Monday, 21 September 2015

Friday, 18 September 2015

The Year of the Runaways by Sunjeev Sahota

 

This is the story of the difficult lives of four Indian immigrants in Sheffield.
At times is a stressful book to read, but relevant and necessary story. Everything about the book is depressing - the characters, their desperation, the futility of their dreams and the shocking realities they find themselves in, in land they're not fully familiar with.
There is however too much description and mundane background details.
I couldn't really get into the stories of any of the main characters to any great depth and struggled care about their hardships the way I did in A Little Life.    

Friday, 11 September 2015

The Chimes by Anna Smaill

 


 I often seem to enjoy books that have a slightly science-fiction feel, where the author has imagined a whole different world. Here The Chimes is set in a reimagined London, in a world where people cannot form new memories, and the written word has been forbidden and destroyed.  In the absence of both memory and writing is music.

It was sometimes hard to follow as the author used various musical terms. 
Some issues were definitely left unresolved.

Thursday, 3 September 2015

The Fishermen by Chigozie Obioma

 

The story is narrated by Ben, both as a 10-year old child and an adult man looking back.
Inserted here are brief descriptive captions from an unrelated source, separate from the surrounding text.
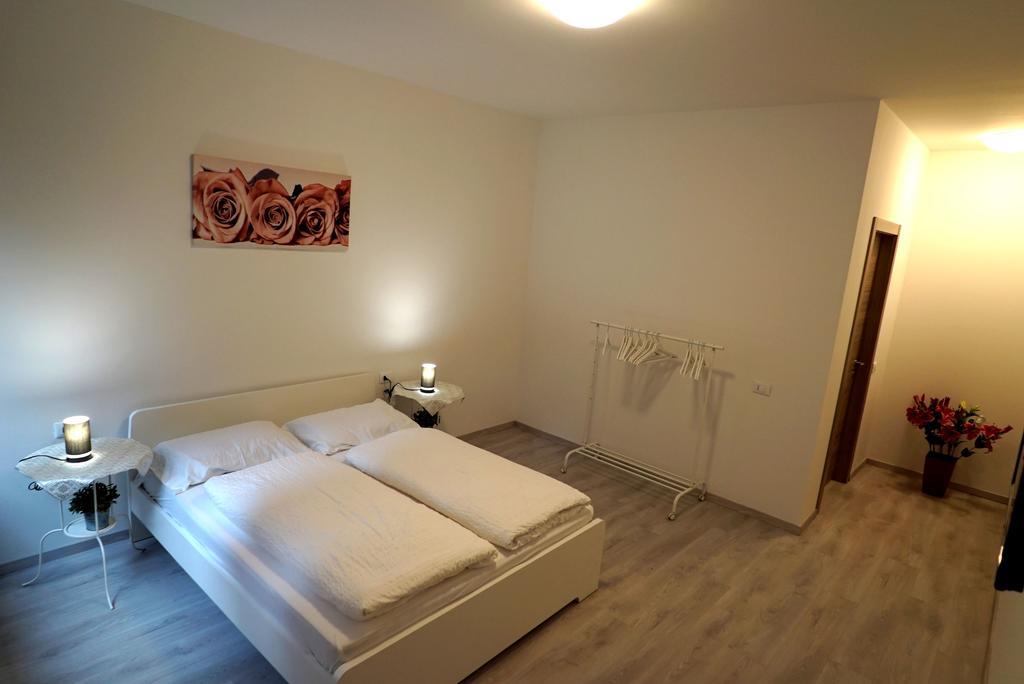 Toby'S Rooms Bolzano Exteriör bild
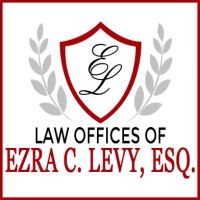 Law Offices Of Ezra C. Levy, Esq. ico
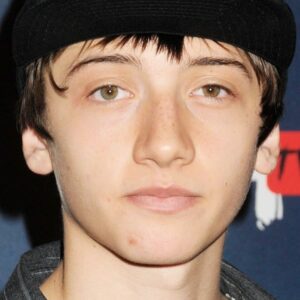 تصویر هنرمند Cade Canon Ball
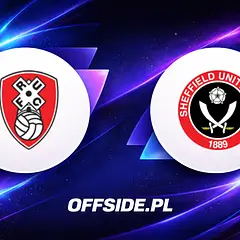 Składy Rotherham - Sheffield United na mecz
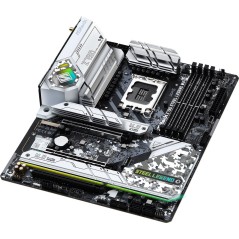 ASRock Z790 Steel Legend WiFi ATX LGA1700 - Unleash Exceptional Performance with Premium Features!
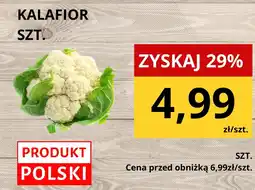 Supeco Kalafior szt. Supeco oferta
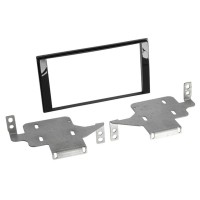 Redukciós keret Nissan Juke autórádiókhoz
Ben is the 4th son of a tightly knit Nigerian family that begins to unravel when the disciplinarian father takes a job at the Nigerian Central Bank in another city.  The story is presented as a fable, with nearly each chapter named after an animal and beginning with who that animal represents. 

I didn't enjoy the first half of the book which is heavily involved in the setting, but the second half is moving and memorable.